• TASK DESCRIPTION
What do the lines say, reproduced word for word, from the first of the entries below through the line bearing "Mattel UNO Super"?
DATA PROVIDED Start Marker
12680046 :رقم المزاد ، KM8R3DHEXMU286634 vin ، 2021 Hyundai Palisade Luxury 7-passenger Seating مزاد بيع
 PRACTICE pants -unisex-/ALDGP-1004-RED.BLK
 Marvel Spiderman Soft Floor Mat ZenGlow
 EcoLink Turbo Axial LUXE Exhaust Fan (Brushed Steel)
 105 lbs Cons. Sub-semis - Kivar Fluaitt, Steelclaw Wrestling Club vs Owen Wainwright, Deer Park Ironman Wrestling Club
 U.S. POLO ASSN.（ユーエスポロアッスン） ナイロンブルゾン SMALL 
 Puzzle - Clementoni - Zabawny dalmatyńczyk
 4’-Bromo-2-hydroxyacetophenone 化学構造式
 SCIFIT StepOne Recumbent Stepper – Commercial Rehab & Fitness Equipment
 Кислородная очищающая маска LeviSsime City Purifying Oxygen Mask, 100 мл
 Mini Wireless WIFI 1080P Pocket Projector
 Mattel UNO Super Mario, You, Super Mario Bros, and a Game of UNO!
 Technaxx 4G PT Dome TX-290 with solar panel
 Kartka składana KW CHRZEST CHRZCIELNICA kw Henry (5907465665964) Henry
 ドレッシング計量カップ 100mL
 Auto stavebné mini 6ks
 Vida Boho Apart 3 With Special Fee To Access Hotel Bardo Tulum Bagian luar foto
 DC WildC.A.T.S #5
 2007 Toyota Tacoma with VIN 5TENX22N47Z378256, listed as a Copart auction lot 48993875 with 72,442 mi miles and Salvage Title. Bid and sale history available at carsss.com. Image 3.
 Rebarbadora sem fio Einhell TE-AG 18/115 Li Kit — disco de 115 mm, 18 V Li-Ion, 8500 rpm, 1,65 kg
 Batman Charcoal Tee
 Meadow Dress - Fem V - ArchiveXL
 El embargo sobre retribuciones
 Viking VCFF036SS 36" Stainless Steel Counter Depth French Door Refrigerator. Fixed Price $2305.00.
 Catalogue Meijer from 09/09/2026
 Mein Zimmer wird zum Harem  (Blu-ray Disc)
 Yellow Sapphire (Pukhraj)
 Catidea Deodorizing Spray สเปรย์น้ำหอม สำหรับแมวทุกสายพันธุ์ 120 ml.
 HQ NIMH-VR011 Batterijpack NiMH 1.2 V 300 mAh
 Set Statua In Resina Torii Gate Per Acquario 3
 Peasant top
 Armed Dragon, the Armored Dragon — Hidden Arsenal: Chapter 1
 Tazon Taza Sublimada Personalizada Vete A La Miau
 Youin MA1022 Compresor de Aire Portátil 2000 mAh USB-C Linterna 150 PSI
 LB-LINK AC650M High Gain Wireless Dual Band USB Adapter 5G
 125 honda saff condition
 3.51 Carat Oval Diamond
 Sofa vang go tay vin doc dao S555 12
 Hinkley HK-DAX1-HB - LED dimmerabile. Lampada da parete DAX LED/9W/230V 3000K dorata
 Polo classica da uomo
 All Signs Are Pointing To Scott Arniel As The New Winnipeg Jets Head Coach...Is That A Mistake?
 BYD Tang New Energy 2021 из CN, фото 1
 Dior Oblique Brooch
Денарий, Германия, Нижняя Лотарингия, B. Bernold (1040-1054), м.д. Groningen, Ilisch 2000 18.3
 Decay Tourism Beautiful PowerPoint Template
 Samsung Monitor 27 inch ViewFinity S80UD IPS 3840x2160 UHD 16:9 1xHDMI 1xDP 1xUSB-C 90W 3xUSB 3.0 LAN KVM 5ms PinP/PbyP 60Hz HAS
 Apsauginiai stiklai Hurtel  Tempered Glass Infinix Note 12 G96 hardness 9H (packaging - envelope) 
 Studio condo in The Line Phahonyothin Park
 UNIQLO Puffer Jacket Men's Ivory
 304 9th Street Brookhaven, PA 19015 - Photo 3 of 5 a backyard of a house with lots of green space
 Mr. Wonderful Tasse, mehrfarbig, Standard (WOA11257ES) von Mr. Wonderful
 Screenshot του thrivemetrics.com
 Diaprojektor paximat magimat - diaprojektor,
DATA PROVIDED End Marker
• SOLUTION FOR THIS EXERCISE
12680046 :رقم المزاد ، KM8R3DHEXMU286634 vin ، 2021 Hyundai Palisade Luxury 7-passenger Seating مزاد بيع
 PRACTICE pants -unisex-/ALDGP-1004-RED.BLK
 Marvel Spiderman Soft Floor Mat ZenGlow
 EcoLink Turbo Axial LUXE Exhaust Fan (Brushed Steel)
 105 lbs Cons. Sub-semis - Kivar Fluaitt, Steelclaw Wrestling Club vs Owen Wainwright, Deer Park Ironman Wrestling Club
 U.S. POLO ASSN.（ユーエスポロアッスン） ナイロンブルゾン SMALL 
 Puzzle - Clementoni - Zabawny dalmatyńczyk
 4’-Bromo-2-hydroxyacetophenone 化学構造式
 SCIFIT StepOne Recumbent Stepper – Commercial Rehab & Fitness Equipment
 Кислородная очищающая маска LeviSsime City Purifying Oxygen Mask, 100 мл
 Mini Wireless WIFI 1080P Pocket Projector
 Mattel UNO Super Mario, You, Super Mario Bros, and a Game of UNO!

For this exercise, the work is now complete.